His novels are in that frantic adventure-thriller realm inhabited by Tom Clancy, Dan Brown, Matthew Reilly and Clive Cussler — maybe a little of Erich von Däniken in there too — but d’Hagé brings his own stamp.
It’s a stamp moulded from Vietnam War field service as a battalion commander that earned him a Military Cross, from Intelligence Corps service, and from desk jockeying as director of joint operations and head of defence public relations. He was also the boss of defence planning for counter-terrorism security at the Sydney Olympics.
d’Hagé — that’s pronounced Darjay, with a soft ‘j’ — rose to the position of brigadier, snaffling an Order of Australia gong along the way. These days, he kicks back as a research scholar, tutor and sometime lecturer at Australian National University’s Centre for Arab and Islamic Studies (Middle East and Central Asia).
In addition to all that, he has degrees in theology and wine chemistry, and is an Austrian-qualifier ski instructor. So it makes for interesting afternoon’s exercise talking with the bloke, albeit a bit one-sided.
“Kindly reviewers remark that there’s a lot of research in my books — as well as assassinations, sex, motorbike chases through the alps,” he says, deploying suitable rapid-speak and diving into a raft of aspects to his latest offering, The Alexandria Connection.
“Hopefully by time they’ve read these books, they’ll say they’ve learned something.

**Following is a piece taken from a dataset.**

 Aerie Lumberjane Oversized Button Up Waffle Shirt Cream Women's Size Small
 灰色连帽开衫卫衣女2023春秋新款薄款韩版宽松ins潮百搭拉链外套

“There’s a lot of microbiology, chemistry and physics in oenology and I couldn’t have written the Beijing Conspiracy without my microbiology background.
“As a scientist, I think there’s something more than what Christian, Judeo-Christian or Islam faiths offer.
“I think there’s a great force and I started to investigate older cultures to see if they had a bit to teach us. The Mayans, Egyptians, the Incas — their mutual connection, of course, is the pyramids.”
d’Hagé revs up as he tackles the Great Pyramid — “the largest precision-built structure, and the only remaining one of the Seven Wonders of the Ancient World”.
It’s apparently aligned with the compass points, some constellation in the heavens, with the Fibonacci series and its ratio of length to height is the golden ratio 1:1.68 and constructed to accuracy of one-millionth of an inch.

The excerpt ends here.